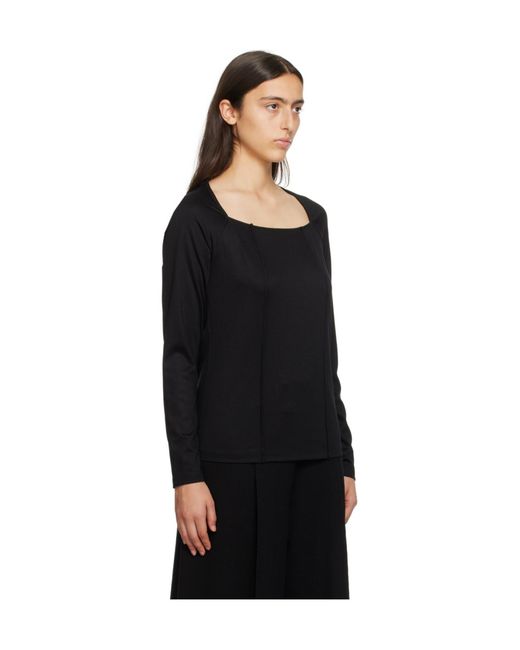Issey Miyake Black Pleated Long-Sleeved T-Shirt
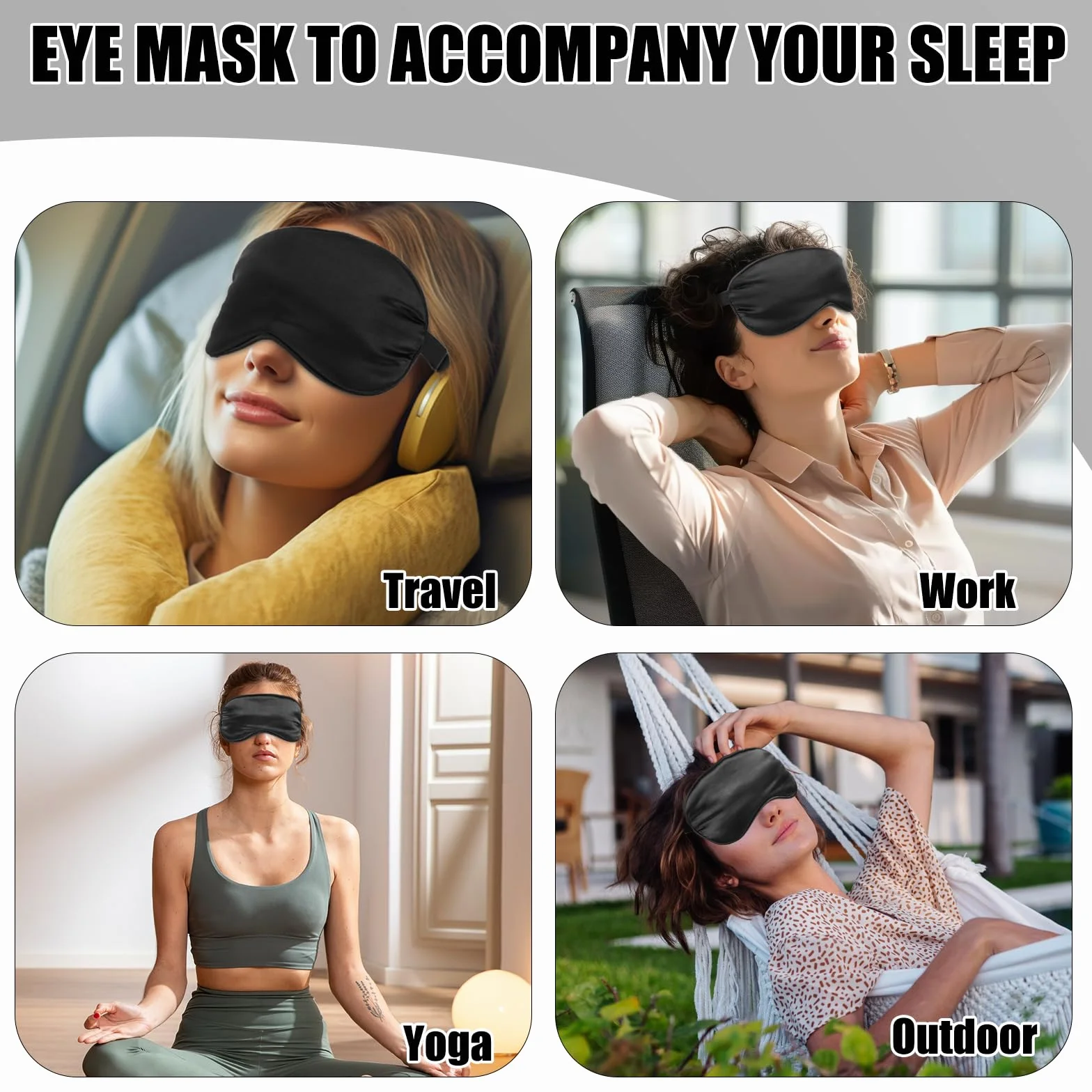 Lot de 2 Masque de Nuit en Soie Ultra-Douce Cache Yeux pour Dormir Anti-lumière avec Sangle Élastique Réglable Noir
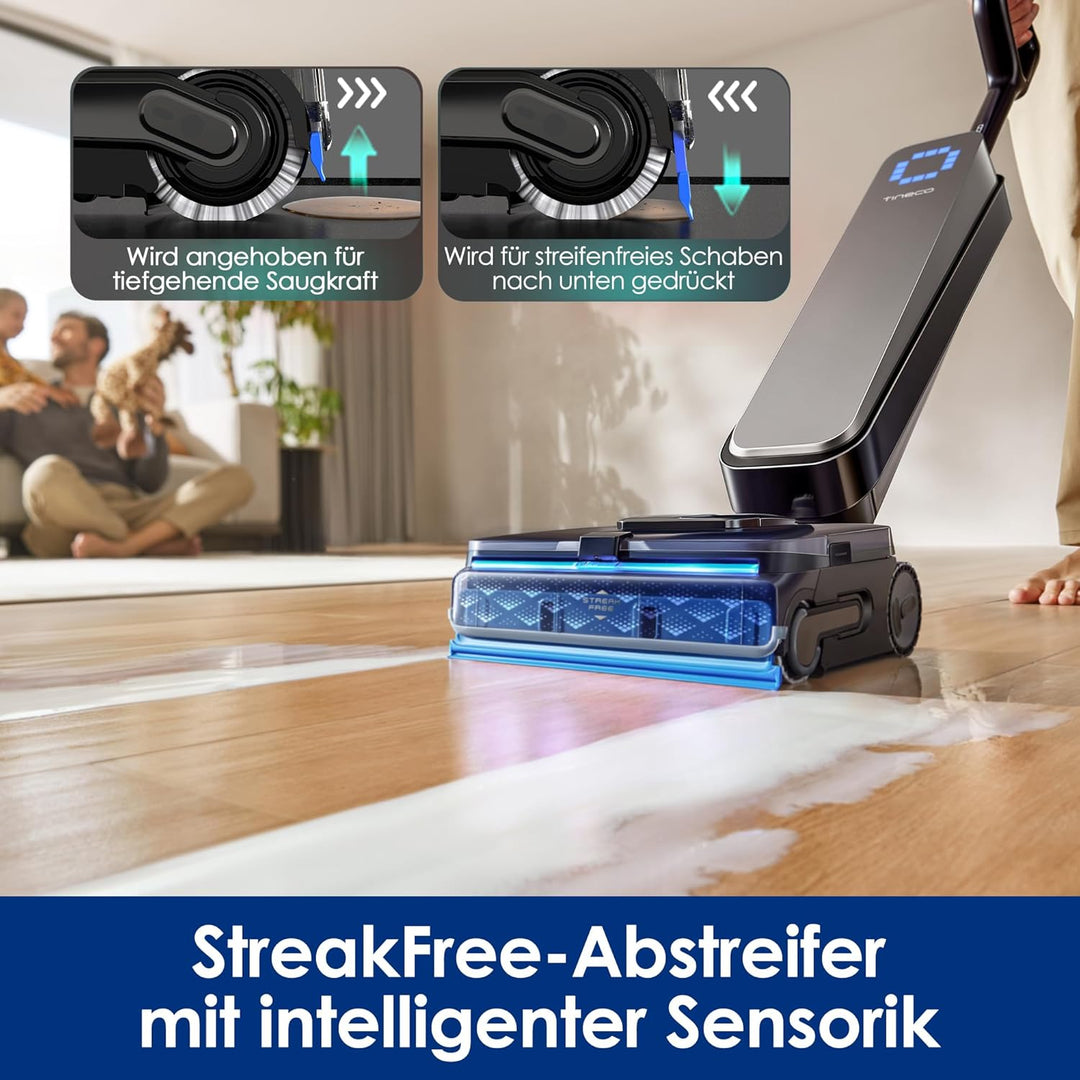 Tineco Floor One S9 Scientist Nass-Trockensauger - Smarte StreakFree-Abstreifer gegen Wasserspuren,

#####

◆ EXERCISE REQUIREMENTS ◆
Retype the whole listing. Keep every word exact but include no pictures.

◆ ANSWER FOR THIS EXERCISE ◆
Issey Miyake Black Pleated Long-Sleeved T-Shirt
 Lot de 2 Masque de Nuit en Soie Ultra-Douce Cache Yeux pour Dormir Anti-lumière avec Sangle Élastique Réglable Noir
 Tineco Floor One S9 Scientist Nass-Trockensauger - Smarte StreakFree-Abstreifer gegen Wasserspuren,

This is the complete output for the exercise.